# jilt, dump



## Ghabi

This word can mean "to jilt (your lover)" in Shaami, or have I mistaken?


----------



## WadiH

Yes and in other countries as well (it would also probably work in CA actually).  Keep in mind that بيع encompasses "barter" or "trade" as well as "sale."


----------



## Xence

In Algerian dialect, باع is rather used, as a colloquial verb, to mean: _to denounce, to rat, to blow the whistle on someone..._


----------



## Ghabi

Wadi Hanifa said:


> Yes and in other countries as well (it would also probably work in CA actually).  Keep in mind that بيع encompasses "barter" or "trade" as well as "sale."



So to jilt your lover is like to trade him/her out ... doesn't sound very nice to my ears ...



Xence said:


> In Algerian dialect, باع is rather used, as a colloquial verb, to mean: _to denounce, to rat, to blow the whistle on someone..._


So it's like قود? And how do you say "to jilt" in Algerian?


----------



## Xence

Ghabi said:


> So it's like قود?


Yes, both are used. However  باع is more common in the North, especially around Algiers.


> And how do you say "to jilt" in Algerian?


There are many equivalents. The closer to CA is طلق _Tlag_ and not طلّق . One would say that _X Tlag Y_ -> _Tlag-ha_ = _He dropped her_. Another way to say it, is to mix a French verb (_larguer_ = to drop, to chuck, to elbow, ) with an Arabic pronoun (yes, Algerian may be funny sometimes ). So you could hear this sentence: _X larga Y_ -> _largaha_


----------



## WadiH

Ghabi said:


> So to jilt your lover is like to trade him/her out ... doesn't sound very nice to my ears ...



It's not meant to be nice is it?  I think I may have totally missed the sense of the word "jilt."

There's a popular saying that goes: من باعنا بعناه لو كان غالي
And another goes: من باعنا برخيص بعناه بتراب، ومنهو شراني صرت أنا فدوةٍ لهْ


----------



## zooz

Ghabi, I don't get it. Could you provide it in some context?


----------



## Ghabi

For example: My girlfriend had met a new guy and jilted me last week.

You'd use the verb باع here?


----------



## WadiH

Ghabi said:


> For example: My girlfriend had met a new guy and jilted me last week.
> 
> You'd use the verb باع here?



It's not the literal word for it.  Think of it more as a metaphor, e.g. a girl can tell her friend "why do you care about someone who sold you for another?", but you don't casually tell your friend "Yeah my girlfriend sold me last Friday."


----------



## be.010

Hi!!
It's not weird to use باع in this context, but it's more like "she sold him out," i.e. it works better for a friend, for instance...
In Shaami the concurrently common expression is قطعت كرت (lit. and originally bought sb a ticket!!!). قلّعت, حلقت are also common.
So, I'd translate the example:
رفيقتي تعرفت على شب تاني وقطعتلي كرت 

(b3iid shsharr, of course)


----------



## Ghabi

Thanks everyone, now I understand the usage. 

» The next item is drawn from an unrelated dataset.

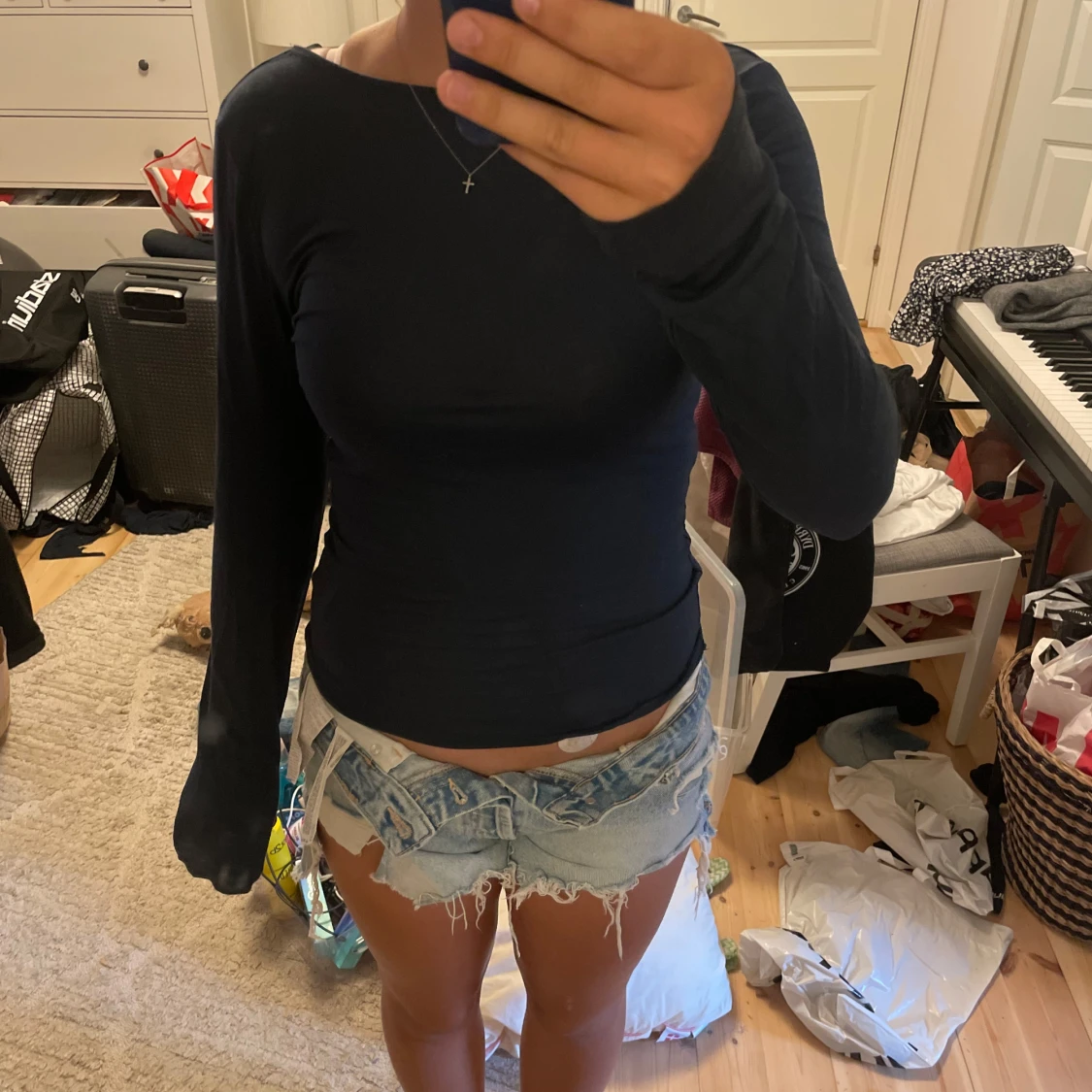 Svart långärmad topp med djup rygg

By the way, how do you pronounce كرت? (_kart_ from Eng."card"?) The colloquial words I know for ticket are _tazkara_ and _biTaaqa_, so _kart_ is even more colloquial?


----------



## cherine

be.010 said:


> Hi!!
> In Shaami the concurrently common expression is قطعت كرت (lit. and originally bought sb a ticket!!!). قلّعت, حلقت are also common.


Hi and welcome back 

Do you really have حلق ?! I thought it's a modern Egyptian invention! 

By the way, we also use باع but it's more between friends, and it's more about turning your back to someone -specially in time of need- rather than breaking up. حلق، قَلَب، نفَّض ... are more common in -modern- Egyptian for jilting or dissing.


----------



## clevermizo

Ghabi said:


> Thanks everyone, now I understand the usage.
> 
> By the way, how do you pronounce كرت? (_kart_ from Eng."card"?) The colloquial words I know for ticket are _tazkara_ and _biTaaqa_, so _kart_ is even more colloquial?



It's _kart_. The plural is _kruut _or _kruute_ I believe. (Yes borrowed words get broken plurals sometimes.)


----------



## be.010

Ghabi said:


> The colloquial words I know for ticket are _tazkara_ and _biTaaqa_, so _kart_ is even more colloquial?


Yes, but especially in the city bus we use kart, not tazkara. biTaaqa is ok but a little bit too fuS7a! 


cherine said:


> Hi and welcome back
> 
> Do you really have حلق ?! I thought it's a modern Egyptian invention!
> 
> By the way, we also use باع but it's more between friends, and it's more about turning your back to someone -specially in time of need- rather than breaking up. حلق، قَلَب، نفَّض ... are more common in -modern- Egyptian for jilting or dissing.


Hi Cherine and thanks!
I too thought it was just Syrian!! Anyway, we use قحطتلو, as well, in Syrian. There is also ضوتلو, probably invented by drama. I can't count them all! Every few years we invent new terms describing boys getting dumped!


clevermizo said:


> It's _kart_. The plural is _kruut _or _kruute_ I believe.


Yes, kruute is a Syrian word!! but it's not originally Damascene... I've heard it everywhere else, though... The Damascene version is kruut, as you said...


----------



## clevermizo

be.010 said:


> Yes, kruute is a Syrian word!! but it's not originally Damascene... I've heard it everywhere else, though... The Damascene version is kruut, as you said...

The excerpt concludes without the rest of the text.